I progresja, i wczorajszy wynik budzą uznanie. Ale największe to, że w takich momentach Ethan zachował spokój. bo jeszcze niedawno Kanadyjczyk był zachwycony, że z Polakami w ogóle może startować w jednym konkursie.
– Na mityngu w Oslo mówił nam, że bardzo się cieszy z tego startu. Bo niedawno nas oglądał przed telewizorem, z kolei teraz może z nami rywalizować. I że to dla niego nagroda. A teraz już rządzi. Ale dobrze, młody zawodnik na takim poziomie to dodatkowa motywacja, by z nim powalczyć – mówił Nowicki.
On akurat z wyników rywala się po prostu cieszy, zresztą dodawał, że spodziewał się po nim 80 metrów. Ale też, jak i Fiodorow, zauważa, że w przyszłym roku młodemu młociarzowi może być trudniej.

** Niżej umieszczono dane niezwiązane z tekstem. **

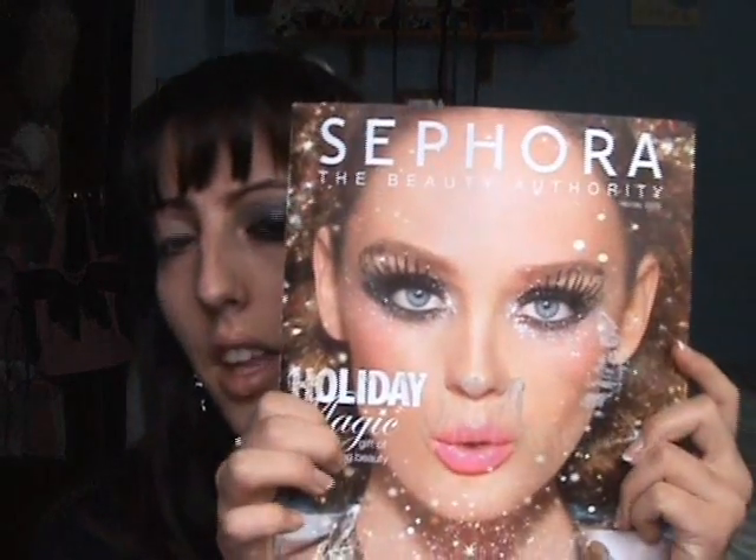We want to prime all over the eye. You also want to prime right down here, because this is like a glitter storm — I kid you not. I love glitter, so when I saw this look — this look was actually inspired by the Sephora catalog. I'll include a picture. I just love glitter, so when I saw that, I was like, I have to do it because it's so gorgeous.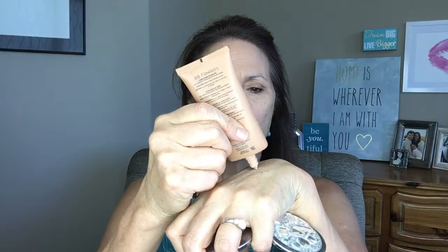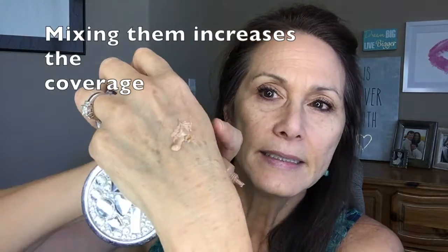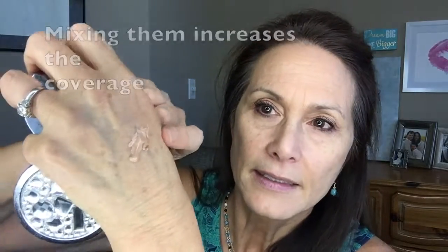Next I'm going to apply my foundation to the rest of my face, including this area under my eyes. I'll take my BB Flawless, put a little bit here, and then take our cream concealer in satin and just put a little dot of that there. Then I take my brush and mix the two together and apply it to the rest of my face, including the area under my eyes.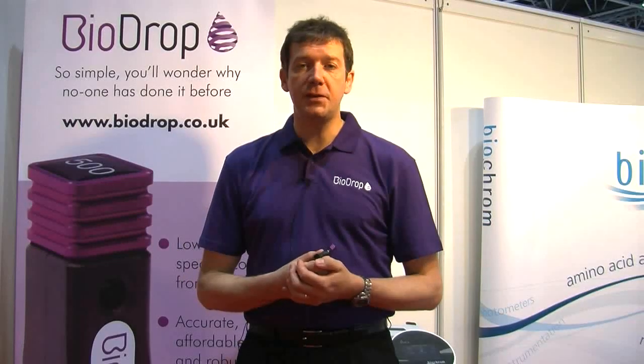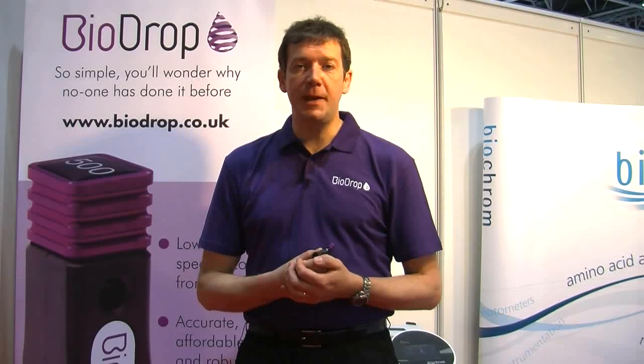So that's it — BioDrop, a revolutionary product on the market as of yesterday, and we'll be shipping them in early April.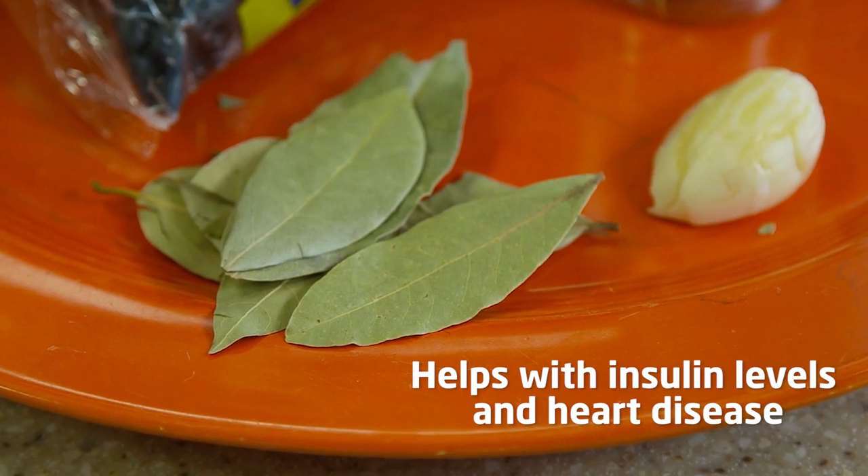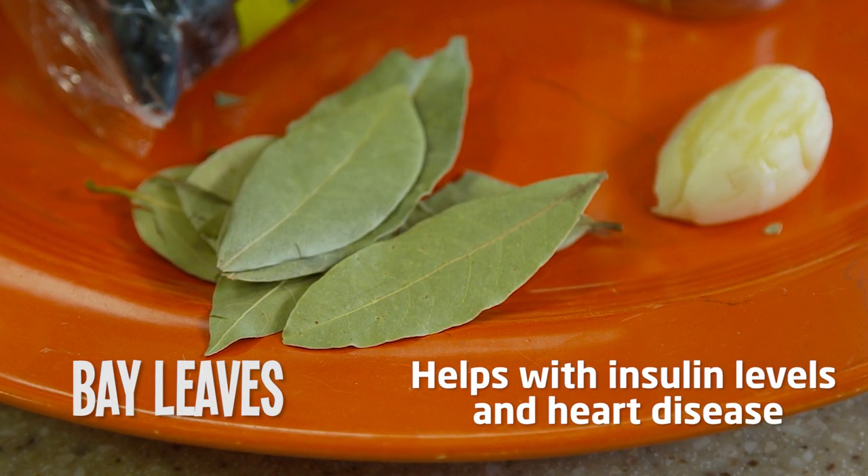Bay leaves can help improve insulin levels for diabetics and they can also help with heart disease. Awesome.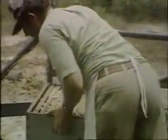Then you put this cloth right back on them to run them on out of that super. I'm going to walk right on down out of this one.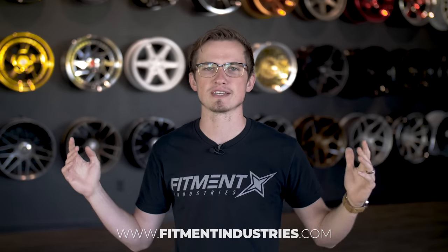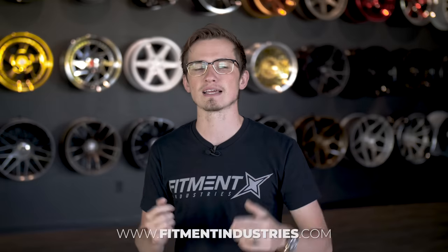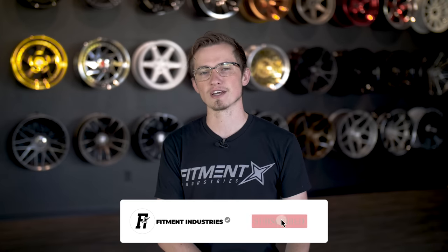Lowering springs, coilovers, and air suspension are truly both form and function. Drop a comment below — which did you do first when you bought your car? And if you're interested in suspension, whether it's Tein, Eibach, ST, KW, or anything else, we have everything from $200 to the big boy stuff at fitmentindustries.com. Don't forget to subscribe — we're trying to get to 100,000 before SEMA, and we'll make a video on that too. I'm Alex from Fitment Industries. Let us know your thoughts in the comments and we'll see you later. Peace.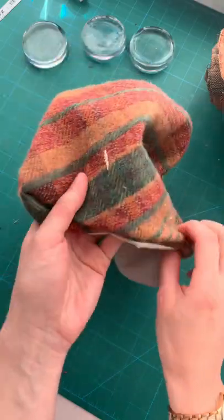Turn everything right side out, sew up the gap, and you're done. Follow me for more sewing. Bye!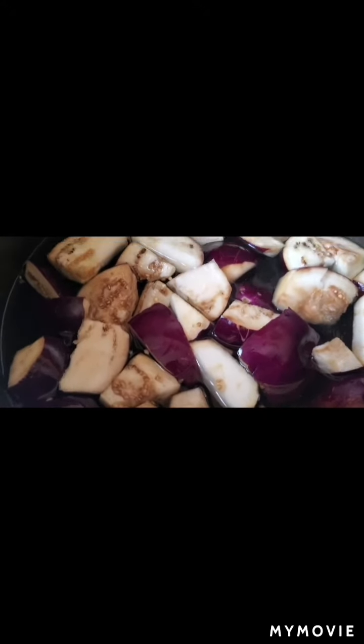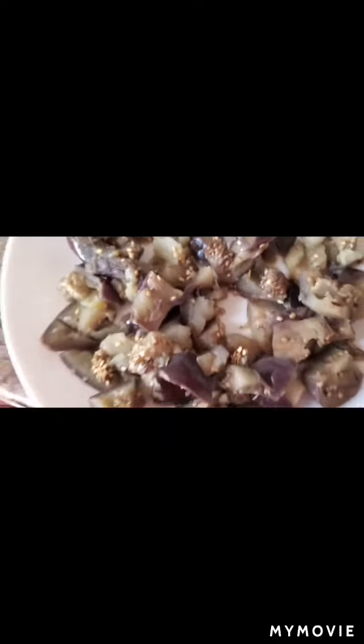I will keep the brinjal aside on a plate. Now in that same pan, I will take three tablespoons of oil, one medium sliced onion, and one green chili, and fry it nicely.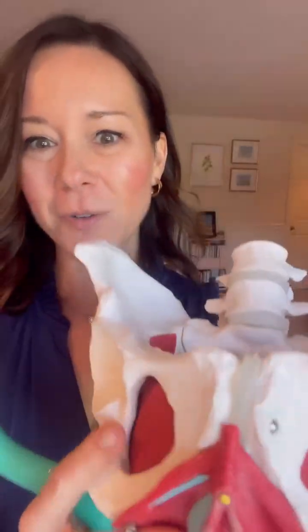Tailbone pain can also be driven by restrictions in Puborectalis, but the wand is a useful tool to mobilize the tissue in service of pain-free penetration, pain-free defecation, ease of bowel movements, and reaching your pelvic care goals.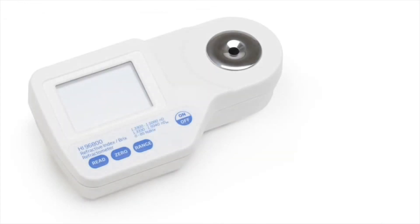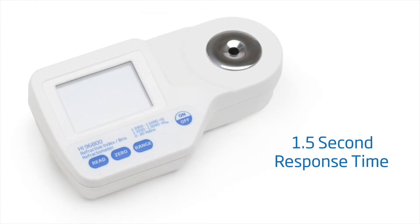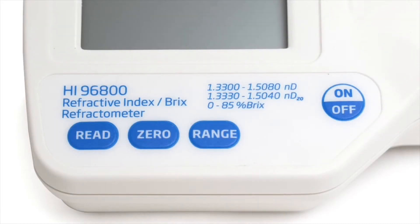The response time for taking a measurement is about 1.5 seconds. The HI-96800 has a very simple layout with four dedicated keys: one for turning the meter on and off, one for calibration, one for taking a sample measurement, and one for selecting the appropriate range to be displayed.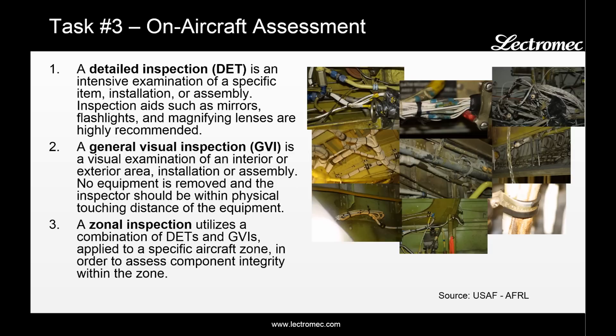During this on-aircraft inspection, there are three different levels of inspection recommended. The first is a detailed visual inspection, which you want to do in those areas with high failure severity or high probability of failure. This recommends the use of magnifying glasses, flashlights, and mirrors — anything necessary to get a better visual examination of the EWIS components. Areas identified as benign should be visually inspected at a general level, where you're within arm's reach looking for obvious physical damage. For areas that are not benign but are not failure level one, a mixed approach called a zonal inspection should be used.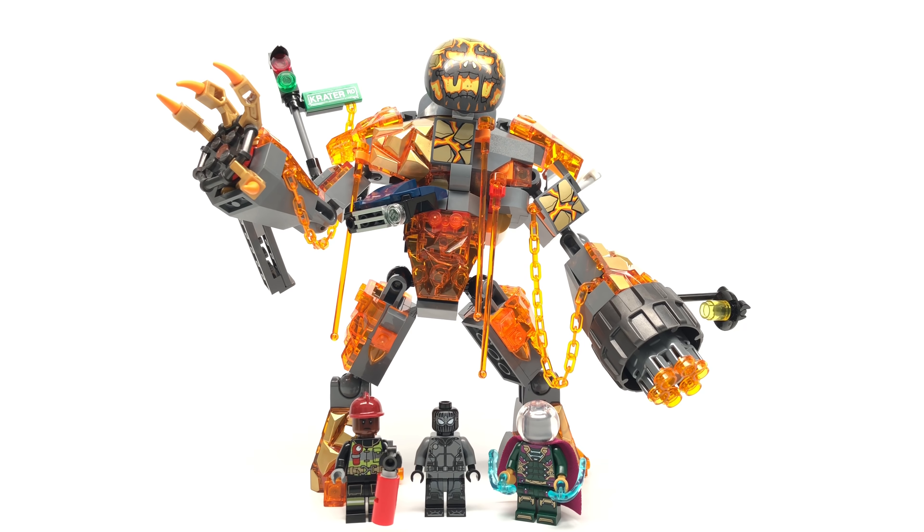Hello, Just2Good here. Today I'm reviewing the LEGO Spider-Man Far From Home set, the Molten Man Battle, which has 294 pieces, three minifigures, and retails for $30 in the United States, releasing in mid-April. I got it early from eBay. I've heard it's been spotted at stores — go check your local Targets, as it seems like Target is getting stuff early.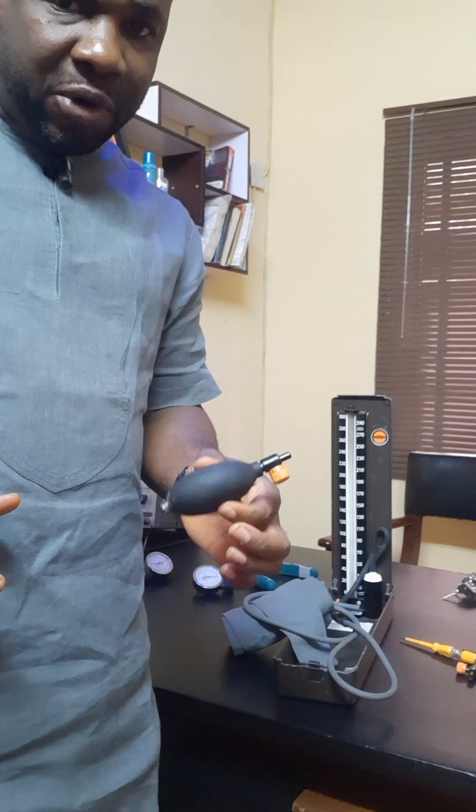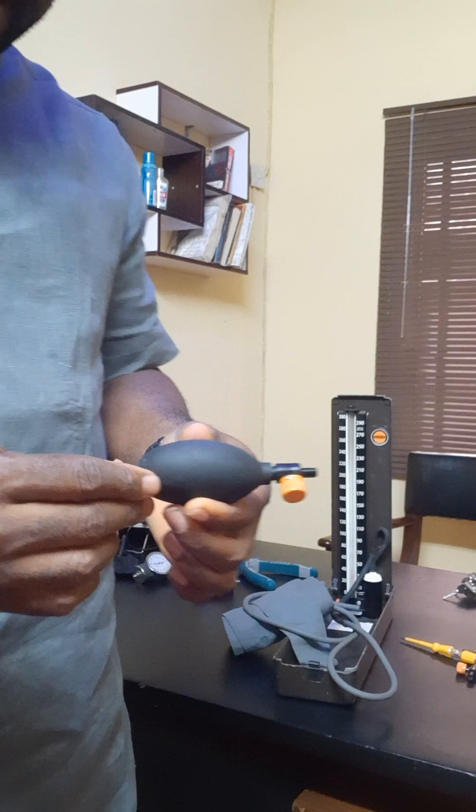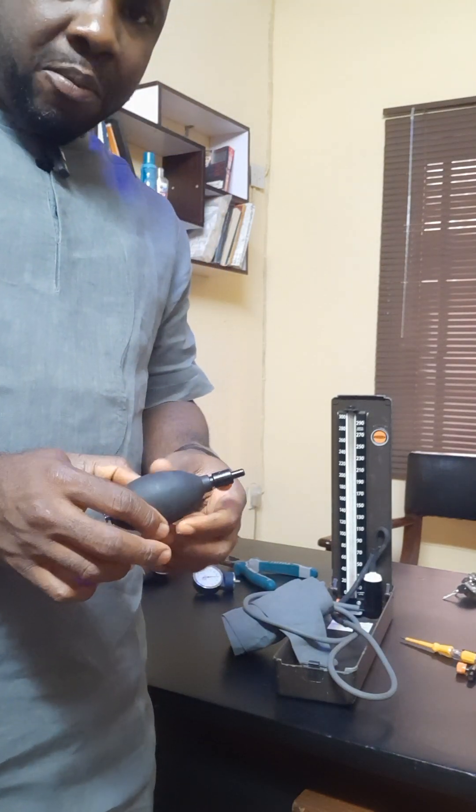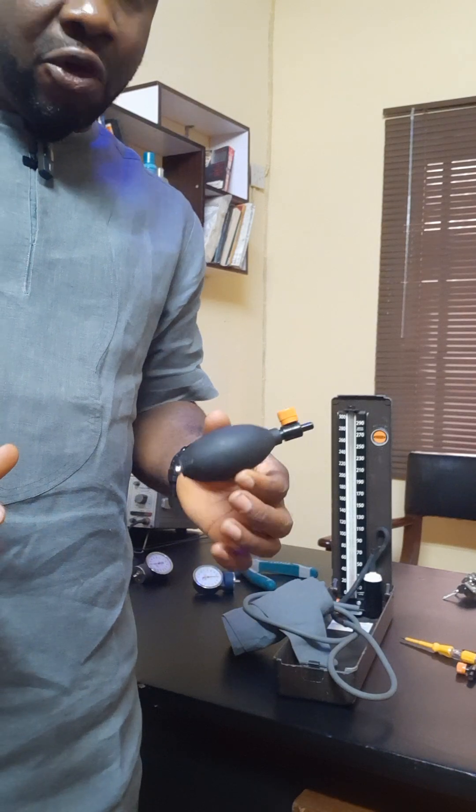I will compress it. If I compress this very pump, I am not expecting it to come back to its original form — that is if it's okay.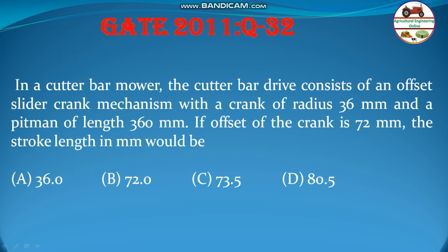Hello students, welcome to my channel, Agricultural Engineering Online. Let us solve a problem from GATE 2011, question number 32.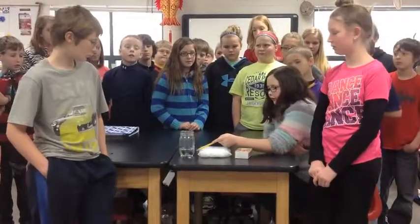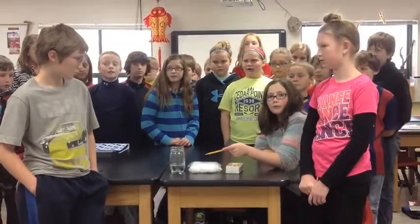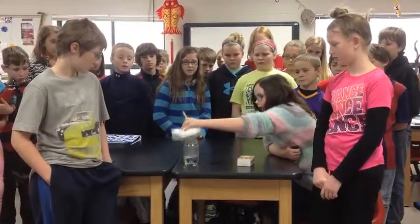Anyway, as you can see, the water is already here. And then Mr. P puts a match in, blows it out, then puts it in and puts the snow on top.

– Katzberg zrobił wczoraj fantastyczną rzecz, ale to jego pierwszy sezon na takim poziomie. Teraz dojdzie presja, oczekiwania, będzie chciał się potwierdzić. To będą starty z innego poziomu. Sam na pierwszych mistrzostwach świata startowałem bez stresu, że niezależnie który bym był, to i tak będzie sukces. Ale zrobił fenomenalne rzeczy, dostarczył wiele emocji. Byłem pod wielkim wrażeniem jego rzutów i dynamiki. Kto wie? Może na długo zasiądzie na tronie – mówi polski młociarz.
Ale zapewnia przy tym: za rok w Paryżu z Ethanem powalczy, starając się zrewanżować.